Throughout Irish life to-day, the same dreadful slavish acceptance of England’s will stands before us like the dirt of the Augean stables. Gaelic Ireland, traditional Ireland, the real Ireland, living its secret life, is ignored, or recognised only in a perfunctory way, as when in speeches lip tribute is paid to “the grand old Irish tongue.” In the Irish-speaking counties, if there be but five per cent, of English speakers in the congregation, sermons in English are provided, and the tongue of the people ignored. In Dublin where, between Intermediate pupils, Gaelic Leaguers and native speakers, some twenty per cent, of the congregations can understand and are eager for Irish sermons, the national language is used in the pulpit only on St. Patrick’s Day, and then only in a few churches. Everywhere the story is the same the Gael is “not supposed to exist,” even by his own people.
Anglicisation has meant that the Gael, hypnotised by the assurances of all in power, came at last to forget his own existence. He forgot his past, forgot his individuality, and so became the will-less, wandering creature that allowed the Redmonds and the Dillons to forswear his national rights and declare him the friend of his oppressor. That which we are witnessing to-day is the Gael’s awakening to a sense of his separate existence. How the revival came we know. From the days of Davis and O’Curry, memories have’ been stirring in the submerged people. Historical research, poetic reminders, literary reconstruction, have recalled to the nation its individuality. Above all, the language revival has stirred the deeps of national memory. The war merely hastened towards completion a process long at work. The events that followed Easter Week brought the stirring memories to a sharp point. A sudden rush of self-realisation brought the nation back to the attitude of 220 years ago the normal attitude of race-consciousness. Now, as then, the nation knows itself to be the true owner of this island, and all that is English in these shores to be usurping and intrusive.

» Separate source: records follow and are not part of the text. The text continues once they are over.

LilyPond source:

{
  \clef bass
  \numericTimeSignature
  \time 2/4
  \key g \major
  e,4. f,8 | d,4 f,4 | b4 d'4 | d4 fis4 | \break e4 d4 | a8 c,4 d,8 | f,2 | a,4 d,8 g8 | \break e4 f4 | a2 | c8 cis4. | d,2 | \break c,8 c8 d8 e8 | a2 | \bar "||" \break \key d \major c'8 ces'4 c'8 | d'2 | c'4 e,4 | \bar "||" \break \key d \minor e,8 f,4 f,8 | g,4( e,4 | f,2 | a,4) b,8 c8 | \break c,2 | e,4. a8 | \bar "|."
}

It is natural enough that those who persist to the present day in denying the Gael’s existence, do not understand what has happened. They, whose minds are filled with England’s might and England’s culture, and who are as ignorant of Irish culture as a blind-born man of the nature of colour, do not understand that however highly we respect the achievements of Englishmen in their own country, we regard all English institutions, manners, customs, words, and works as so much annoying lumber in Ireland, so much rubbish that must be swept out and destroyed so as to enable us to make of Ireland an Irish island. As a matter of fact, Anglicised folk probably understand this better than they pretend. They know well enough as their studiously aggressive attitude shows that they are intruders, usurping the place of native sovereignty; and though they will never admit it, lest their own claims be destroyed, they are really fully conscious that the Gael and his rights exist.
The mysterious thing that has happened in our days is simply that the Secret Ireland has once more come forth into the light. The submerged people have risen and asserted themselves. The Gael has realised himself and has taken steps to convince the world of his existence. The thoroughness with which Irish Nationality has been ignored, denied and hidden adds to the vehemence of the national re-assertion, while the example of a dozen less notable submerged nationalities which have won their complete resurrection in these Apocalyptic days, has given to the Gael a hope on which all his energies are bent. For ages, in his outlawry, he has dreamed of a time when the power of might should pass and the principle of public right be restored to the world. His oppressor to-day is loud in profession of those principles on which his right to existence and self-development are based. He thus finds in his hands a moral weapon with which he will either achieve the Self-Determination accorded to all far lesser peoples, or, in the alternative, expose strong England as the most hypocritical mouther of lies that the world has seen.